# Shimano Spinning & Braid



## KylesKenner2 (Nov 19, 2008)

Was working at Academy last night, 1960 & 290, and a gentleman inquired about how the braid was to be spooled on a Spinning reel. He said it needed to be more of a criss-cross pattern instead of the typical spooling fashion. He said with the typical spooling fashion, the line will dig into the next layer on a hook set.
My thought is during the spooling process with the braid wrapped tightly, as everyone has suggested with a bait caster, it cannot dig into the next layer compared to a loosely spooled reel. 
Thoughts please.


----------



## robul (Apr 26, 2007)

well when he reels it in when he is using it its not going to be criss crossed.. And I would never criss cross any line on any reel. It will severely effect cast distance. I spool mine on manually and I wrap it as tight as possible and iv never had an issue. All I use is shimano spinners and power pro.


----------



## KylesKenner2 (Nov 19, 2008)

That was something I forgot to mention earlier. I told him that it wouldn't make a difference how you initially spooled it, when you reel it in, it is going on however it wants to.
He kept looking down at the reel as if there was something he could change to make it reel criss-crossed.
Thanks for you input


----------



## MattK (Feb 9, 2006)

I've had the same thoughts as your friend but there are some issues to overcome with respect to the criss-cross pattern. Actually, there is a spinning reel on the market that provides a criss-cross pattern by using a faster oscillation speed. My experiments are geared more towards baitcasters. Anyhow, the best thing you and your friend can do now is to spool it tight and use a larger diameter braid.


----------



## goldwingtiny (May 4, 2005)

Hey Kyle,
The wife and I have been using Shimano Sahara 2500's spooled first with 14lbs. mono followed by 20lbs./6dia. Stren Sonic Braid on all of our popping rig's with no problems what so ever. I've been spooling all of my spinning reel's the old fashion way by laying the spool's on the ground and reeling them by hand. Check every so often for line twist. If you have any, simply flip the spool over that's on the ground.

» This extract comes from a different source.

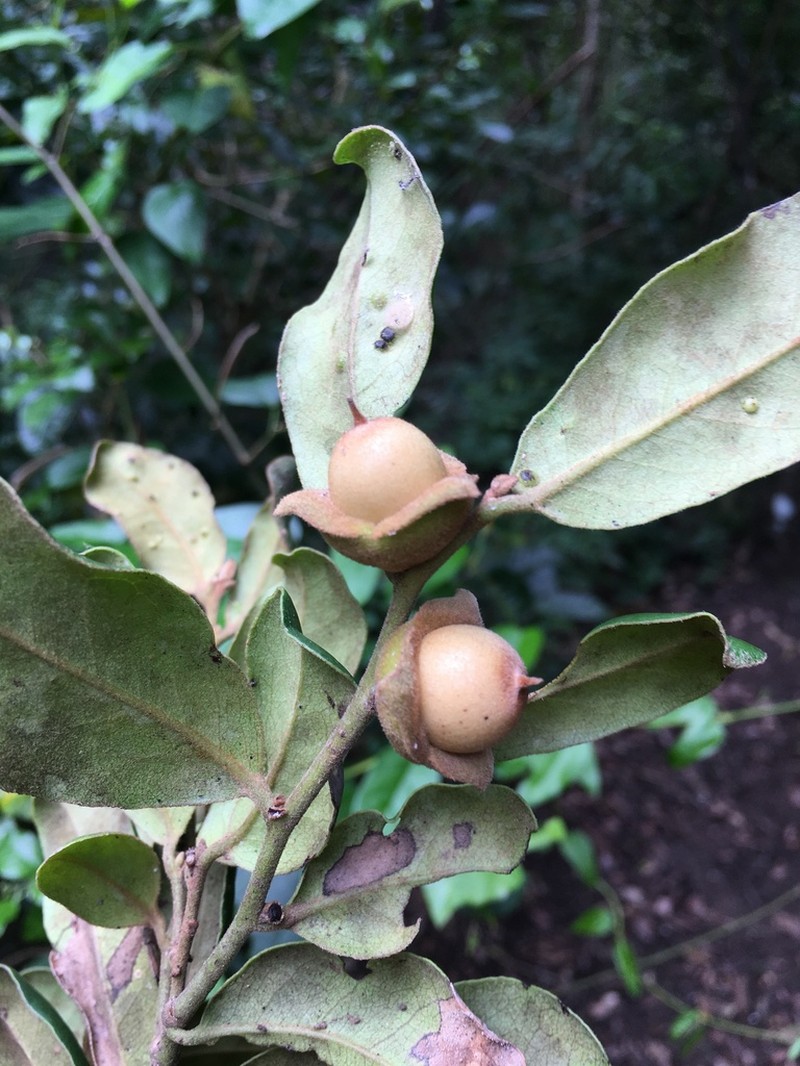 Diospyros impolita photo 5
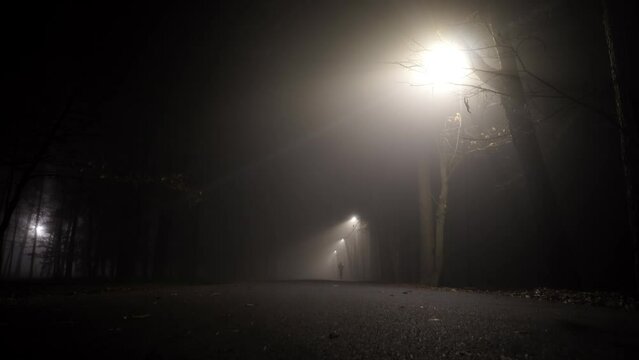 Woman running in the fog of the night park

For you guy's (& gal's) that are using Power Pro, I would like to highly recommend that you try the new Stren Sonic Braid. If memory serves me right, I think it might be a buck or two more per 300 yard spool then Power Pro, but well worth it.

TINY


----------



## kidflex (Aug 16, 2005)

just reel the braid on tight! it wont dig in. i load up saltigas and stellas with 80-100lb braid, fished 25+lb of drag and killed many bigfish. never had an issue with braid digging in. if it digs its too loose. bottom line. also no need for mono backing either.


----------



## MattK (Feb 9, 2006)

kidflex said:


> also no need for mono backing either.


You need a backing on most reels.


----------



## Gatorman23 (Jul 10, 2006)

*braided line has no memery ...it forgets..LoL*

:spineyes::spineyes:...Put it on and while the boat is moving let it out and wind it in..it will be wet and tight...just the way we men like things...LMAO


----------



## V-Bottom (Jun 16, 2007)

Mono first...then braid....waste of money on braid. You will never empty a spool ...even w/ mono. Splice it Kyle..........


----------



## kidflex (Aug 16, 2005)

MattK said:


> You need a backing on most reels.


most people that "jig and pop" dont use mono backing.just straight braid. if done right the braid will never slip. i caught these two back to back in north carolina and if braid doesnt slip with these monsters then nothing will.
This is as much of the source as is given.